Received: 28 April 2022 / Revised: 14 May 2022 / Accepted: 19 May 2022 / Published: 23 May 2022


Security is a challenging issue for M2M/IoT applications due to the deployment, decentralization and heterogeneity of M2M and IoT devices. Typical security solutions may not be suitable for M2M/IoT systems regarding the difficulties encountered for their implementation on resource-constrained devices. In this paper, we discuss the architectures deployed for M2M communications and the security challenges, as well as the vulnerabilities and solutions to counter possible attacks. We present a lightweight design based on a private blockchain to secure wireless M2M communications at the device domain level. Blockchain integration provides secure storage of data while preserving integrity traceability and availability. Besides, the evaluation and experimentations under NS3 simulator of the proposed scheme show that the authentication mechanism is lightweight, and presents better performances comparatively to other protocols in terms of key parameters as communication and computational overheads, average delay and energy consumption.

1. Introduction

Machine-to-machine (M2M) communication, also referred to as machine-type communications (MTC) were first used in telemetry applications for control and management of electrical, gas and water infrastructures through wired and direct communication between devices without human intervention.
M2M is considered as a concept somewhat similar to the IoT (Internet of Things). In fact, it is a type or subset of IoT communications like H2H (Human to Human) and H2M (Human to Machine).
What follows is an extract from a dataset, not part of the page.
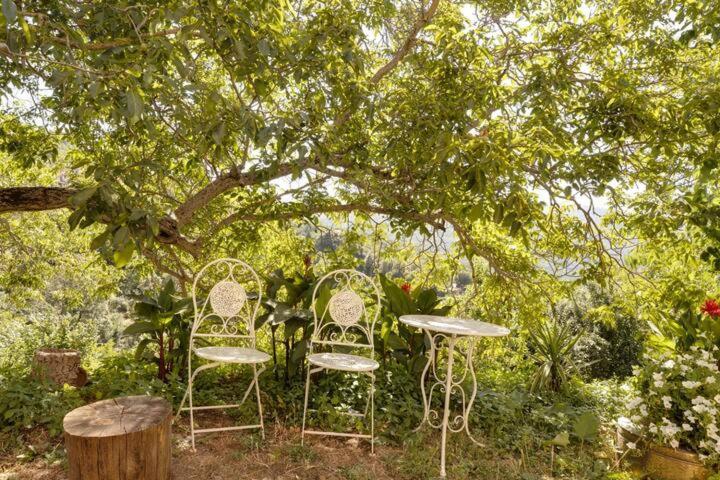 Agrifoglio B&B Con Giardino 阿瑞佐 外观 照片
One difference is that M2M can use P2P or direct communication as well as communications over the Internet, but H2M and H2H connect devices with other devices or people only over the Internet.
M2M wireless communications present particular features since they support a large volume of M2M devices and transmit small amounts of data at regular or irregular intervals. Some M2M applications require low latency, high reliability and support various mobility profiles. Besides, they consume low power compared to other standards.
A definition that has large consensus [1,2] is as follows: M2M communications refers to any technology that enables the exchange of data between various devices (smartphones, health WPAN devices, sensors, embedded controllers, actuators, etc.) over wired or wireless networks, in order to perform a variety of actions without (or with limited) human intervention.
With the advent of wireless technologies (802.11 (Wi-Fi), 802.15.4 (Zigbee), radio frequency identification (RFID), ultra-wideband (UWB) radio technology, 802.15.1 (Bluetooth), 3G and 4G cellular networks, etc.), M2M applications have seen a growing interest. They are still expected to revolutionize the performance of various fields, especially with the arrival of 5G networks, which greatly improve connectivity between devices. In addition, the cost of M2M communication will decrease, bringing more opportunity and benefits to industrial control, healthcare monitoring, critical infrastructure monitoring and maintenance, security and intelligent management of smart cities [3].
However, M2M communications face a number of challenges at different levels of M2M architecture as defined by the European Telecommunications Standards Organization (ETSI) [1].
At the low level of this architecture (i.e., at device network domain), communications take place between constrained M2M devices (sensors, smart objects …) and gateways or base stations as well as edge nodes depending on the adopted architecture. Due to such constraints (limited energy source, constrained computational capability, access control…), the management of a constrained device network as defined in RFC 7548, presents different types of challenges compared to the management of a traditional IP network.
A key challenge for M2M communications is related to the security of M2M devices, which are projected to operate without human intervention and are therefore defenseless. Moreover, the heterogeneity of the technologies and systems implemented on these devices lead to more vulnerability and made difficult their protection against various attacks (Spoofing, Deny of Service, etc.).
Most studies in this area are based on centralized and weighty security solutions, which are in best part inappropriate for constrained M2M devices.
Very few works tackle the authentication process with decentralized approaches at the device network level.
In this paper, a lightweight blockchain-based authentication and authorization mechanism is proposed to secure communications, especially at perception layer, namely M2M device domain. The remainder of this article is organized as follows: in the next section, a survey of different security protocols for wireless M2M communications is presented. In Section 3, after a brief description of a standard M2M communication architecture and its different components, the proposed scheme based on lightweight authentication protocol for M2M device domain is presented. The evaluation of performance parameters using experimental simulation is given in Section 4. Section 5 deals with security analysis of the proposed scheme. Section 6 discusses the obtained results and highlights the introduced advantages of the proposed scheme in comparison with other related protocols. Finally, Section 7 concludes this paper and suggests some future research directions.

2. Related Works

Security protocols for M2M are E2E (End to End) communications; initiated from M2M applications installed at application and device domain layers.
At high level, the architecture (application domain) uses various M2M/IoT communication protocols (CoAP, HTTP, SIP, MQTT, etc.). Generally, security solutions are based on classical security protocols in the internet like SSL/TLS, DTLS, IPSEC, and HIP (Host Identity Protocol).
At low level (device layer) of M2M and IoT architectures, different security protocols have been proposed based on classical symmetric cryptographic schemes, or lightweight asymmetric ECDH (Elliptic Curve Diffie–Hellman Key Exchange) [4], or based on lightweight operations addition, subtraction, hash function and XOR [5,6].
A large number of lightweight cryptographic algorithms such as HIGHT, LEA, and PRESENT [7,8] have been proposed in literature for resource-constrained devices like RFID tag, sensors, etc.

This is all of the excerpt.